By Tom Ribe

  Busy cities, gleaming ski areas, young families hiking and biking in the latest gear; this is the Colorado outsiders may think they know. But the state is not all prosperity and leisure. It has areas struggling with poverty right in some of the most stunning scenery in America. In the middle of the state’s southern border lies an area most Coloradans either don’t know about or don’t want to talk about: the San Luis Valley. 

   Baked in relentless sun, the San Luis Valley traces the top of the Rio Grande rift, a vast split in the North American continent hidden under the sagebrush and struggling farms of the valley. Alkali soils, drifting sand and graying wood abandoned farms dot the valley between two ranges of 14,000 foot mountains. Immigrant workers contend with seasonal work and bitterly cold winters. 

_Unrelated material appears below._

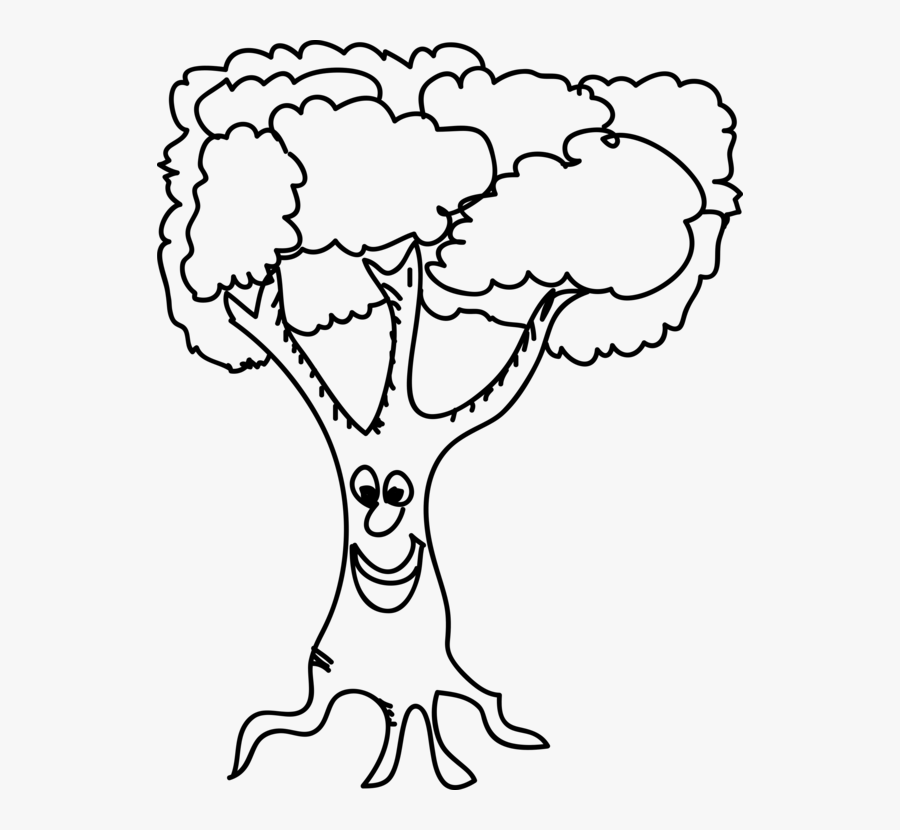 Art,symmetry,monochrome Photography - Tree With Face Drawing, Transparent Clipart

   Standing like a vast dry moat protecting the San Juan Mountains from the urban areas to the east, the San Luis Valley is a nearly 7500-foot-high expanse between the San Juan and the Sangre de Cristo Mountains. The valley sprawls across an area the size of the state of Delaware, gathering meager streams into the headwaters of the Rio Grande as it begins its flow south to New Mexico, Texas and Old Mexico. Alamosa, the biggest town in the valley was once the hub of railroads transporting billions of dollars worth of ore from one of the richest silver and gold mining areas in the US to Denver and the wider world. Today, Alamosa struggles with a declining agricultural economy, few tourists and a small state college. 

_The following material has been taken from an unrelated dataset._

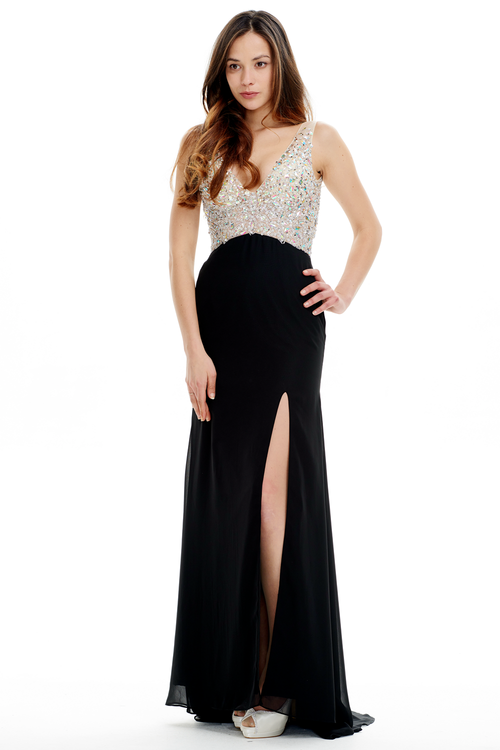Trumpet/Mermaid V-neck Sweep Train Floor Length Prom Dress With Top Beading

   And it’s cold here! The San Luis Valley is one of the coldest places in the contiguous United States with winter temperatures well below zero. The San Juan Mountains to the west cast a great rain-shadow over the valley. What little water flows into the valley soaks into groundwater or leaves the valley in the Rio Grande. Little water flows from the massive Sangre de Cristo Mountains into the Valley.

  Only 7 inches of precipitation a year fall on the valley. Yet a vast agricultural enterprise covers the south end of the valley where farmers grow potatoes, alfalfa, and hay. Most of the land grows livestock feed that is trucked away to dairies in southern New Mexico. Yet as time goes by, the aquifer that these farmers pump is dropping rapidly, creating a crisis for an already struggling region.

Water and Less Water

   According to Colorado College, Rio Grande water and ground water irrigate 550,000 acres of the San Luis Valley. Aquifers of fossil water are dropping rapidly and with global warming raising temperatures, increased evaporation fuels a water deficit. The State of Colorado is telling farmers to radically decrease the amount of groundwater they pump. And if the aquifer doesn’t stop declining, some estimate 100,000 acres of farmland will need to be abandoned to meet Colorado’s interstate and international water conservation obligations.  

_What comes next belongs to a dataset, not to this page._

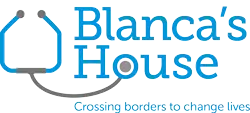 Logo for Blanca's House with a stethoscope icon and the tagline 'Crossing borders to change lives'.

   The growing water shortage creates a sense of doom and uncertainty over agriculture in the Valley.

   While potato production feeds people, raising cattle feed strains water supplies in the arid Southwest. More than 80% of agricultural lands grow cattle feed in the Southwest. Much of it goes to dairies in southern New Mexico which relocated from southern California when water and pollution restrictions raised the cost of doing business there. Alfalfa and hay growers in the San Luis Valley truck large amounts of feed to southern New Mexico and Texas dairies, in effect exporting water from the valley. 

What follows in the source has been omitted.